_What is required_
In the data below, find the line containing "Outdoor courtyard area" and the line containing "Comfy and Spacious", then reproduce them and every line between, exactly. Omit pictures.

_Task input_
Segment Open
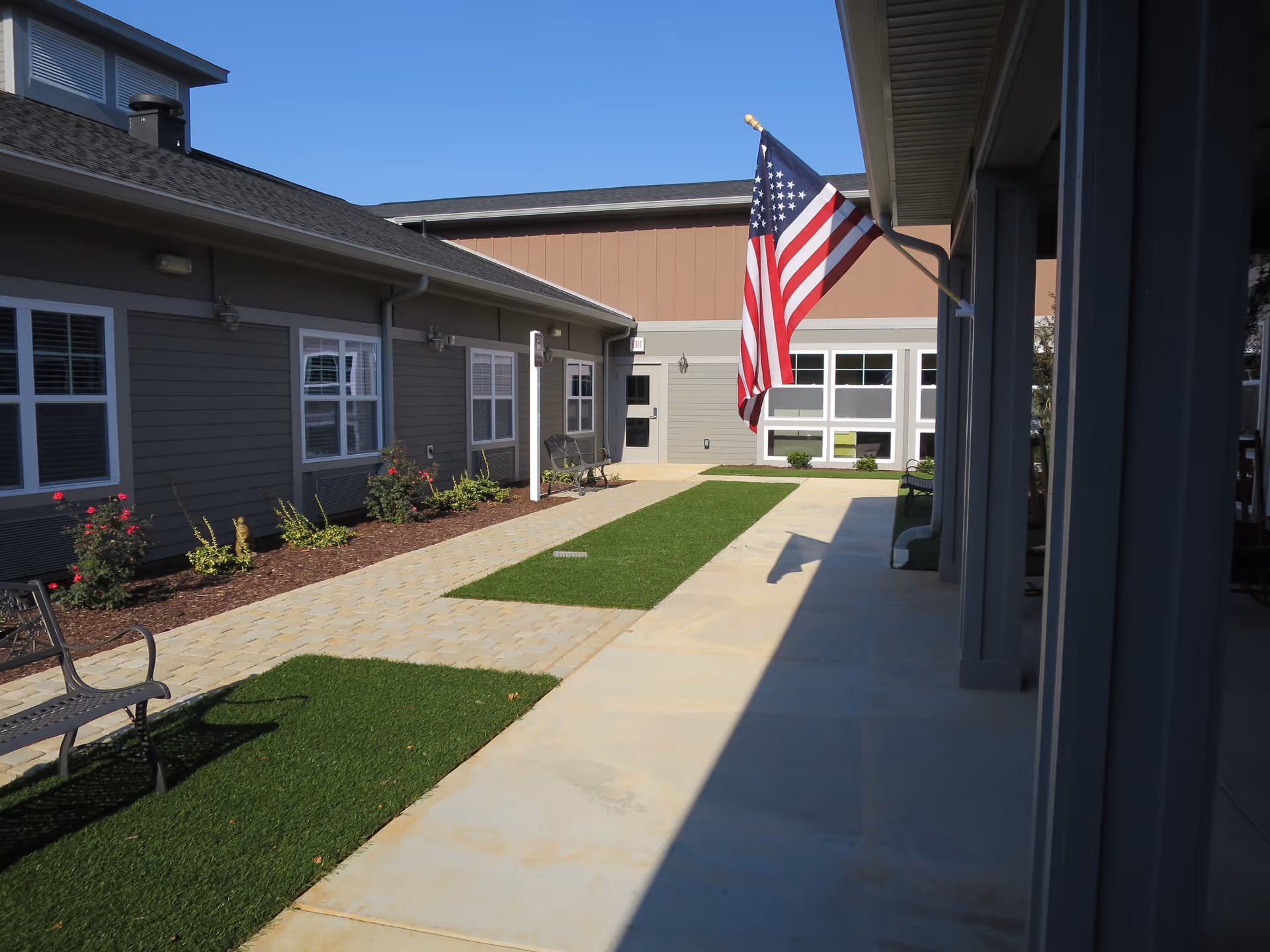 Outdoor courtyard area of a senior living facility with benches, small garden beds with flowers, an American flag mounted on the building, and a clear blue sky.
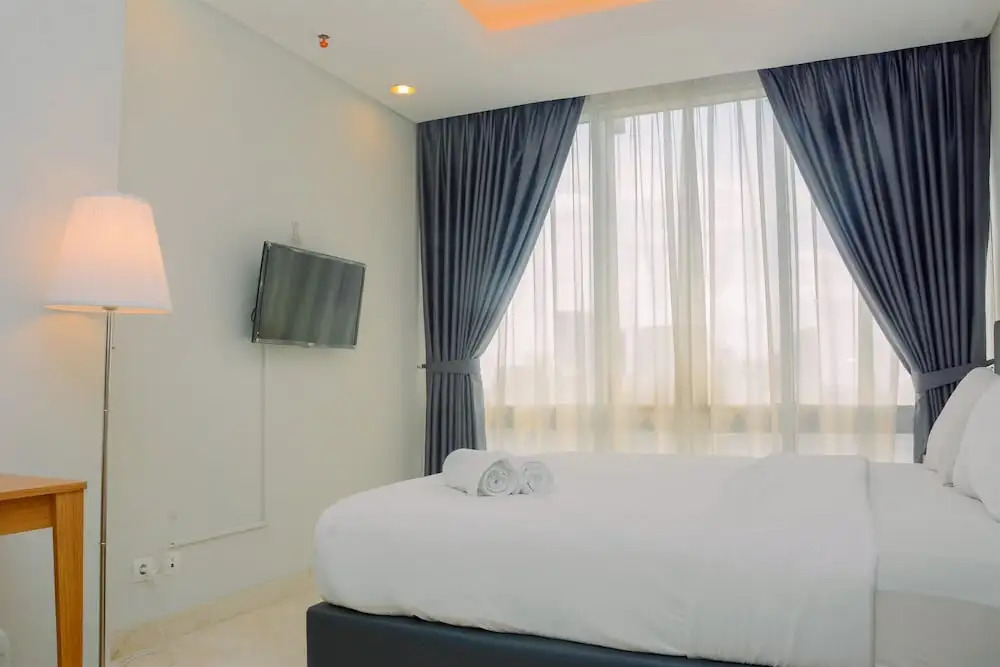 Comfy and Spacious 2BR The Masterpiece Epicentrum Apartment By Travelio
Segment Closed
Segment Open
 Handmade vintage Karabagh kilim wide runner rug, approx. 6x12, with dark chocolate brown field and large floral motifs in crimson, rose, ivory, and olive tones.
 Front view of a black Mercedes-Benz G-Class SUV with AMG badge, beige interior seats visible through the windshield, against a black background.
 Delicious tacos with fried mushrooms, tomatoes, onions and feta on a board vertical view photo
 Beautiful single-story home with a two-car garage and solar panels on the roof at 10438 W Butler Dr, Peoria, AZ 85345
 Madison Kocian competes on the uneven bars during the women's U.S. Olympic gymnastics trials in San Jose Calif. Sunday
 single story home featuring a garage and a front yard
Segment Closed
_The answer_
 Outdoor courtyard area of a senior living facility with benches, small garden beds with flowers, an American flag mounted on the building, and a clear blue sky.
 Comfy and Spacious 2BR The Masterpiece Epicentrum Apartment By Travelio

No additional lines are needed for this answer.